Mrs D'ATH (Petrie) (19:41): I rise to speak in support of the Telecommunications Legislation Amendment (Fibre Deployment) Bill 2011. This bill was first introduced into the House in March 2011 and was referred to the Joint Committee on the National Broadband Network in May 2011. The committee sought to conduct an inquiry into this bill within a responsible time frame, considering the circumstances of the bill. This bill has been some time in the making. As noted in paragraph 1.1 of the committee's report on this bill, the bill:

… was preceded by a similar bill which was introduced into the Senate in March 2010, but lapsed on the proroguing of the 42nd Parliament. The Fibre Deployment Bill 2010 shared a similar purpose to the Bill under inquiry, that is, to ‘ensure fibre-ready and fibre infrastructure installation in new developments.’ This Bill differs from its predecessor in that the Fibre Deployment Bill 2010 ‘was more dependent on subordinate legislation for activation of the key provisions in the Bill’, while the current Bill includes those key provisions.

The government undertook extensive consultation on this bill now before the House, including releasing discussion papers and draft legislation. The government also considered the recommendations of the Senate Standing Committee on Environment and Communications report on the Telecom­munications Legislation Amendment (Fibre Deployment) Bill 2010. Based on that history, the industry and developers have been seeking certainty for over 12 months. There is no doubt that certainty is important for developers who each and every day are developing new estates and building homes for people across Australia.

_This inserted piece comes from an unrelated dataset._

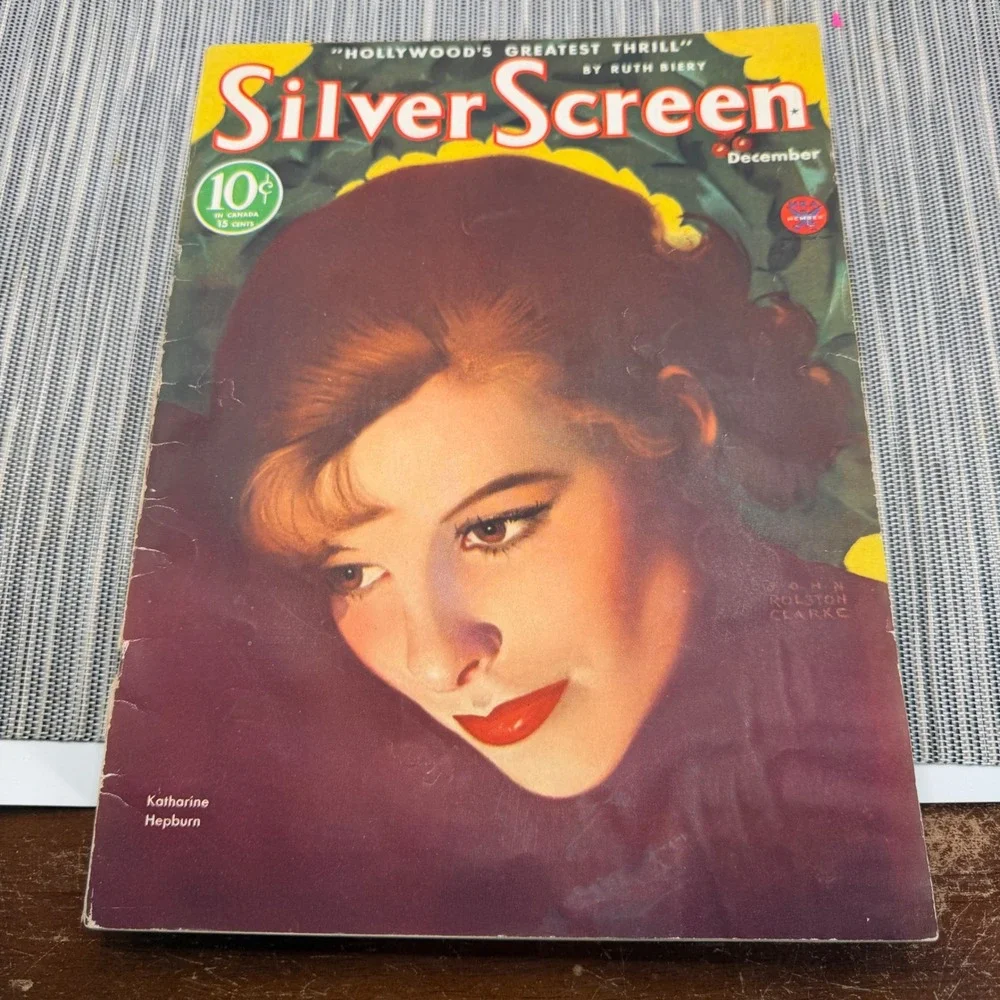 Vtg Silver Screen Magazine‎ Dec 1933 Katharine Hepburn Cover Hollywood History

It is this imperative for certainty that ensured that the Joint Committee on the National Broadband Network dealt with this matter within the timeframe set, thus allowing this bill to be debated before this House this week. When looking at the history of this bill, at the questions put to the witnesses by the opposition and the submissions put to the committee by various providers, the fact is that the issues raised do not fundamentally go to this bill. They go to the Liberal Party's opposition to the National Broadband Network and the government's policy to deliver a national broadband network.

The main purpose of this bill is to require developers of new estates to put in passive infrastructure like underground pipes into which a fibre provider can later put fibre. It is not concerned with putting an obligation on NBN Co. or anyone else to put in active infrastructure, fibre or, in limited cases, copper lines or wireless. The majority of submissions by the witnesses and the questions by the opposition during the inqu­iry into this bill went to active infrastructure. It was acknowledged by witnesses that the purpose of this bill is to legislate for fibre-ready infrastructure, not active infrastructure.

The committee's report also acknowledged that much of the evidence was outside the scope of the bill. The opposition also concentrated most of its time on issues not relating to this bill, and it continues to do so in this debate. This is predominately because the opposition is more interested in finding ways to oppose the government's policy than being opposed to the practical application of the rollout of fast broadband.

I will come to the Liberal Party's position shortly but, importantly, this bill amends the Telecommunications Act 1997 to support the government's policy that fibre-to-the-premises infrastructure should be installed in new developments. This bill is another step forward to delivering on the Labor govern­ment's commitment to roll out the National Broadband Network. As stated by the minister in his second reading speech on 7 April 2009, the Australian government announced its historic decision to establish a new company, NBN Co. Limited, to build and operate a new superfast national broadband network.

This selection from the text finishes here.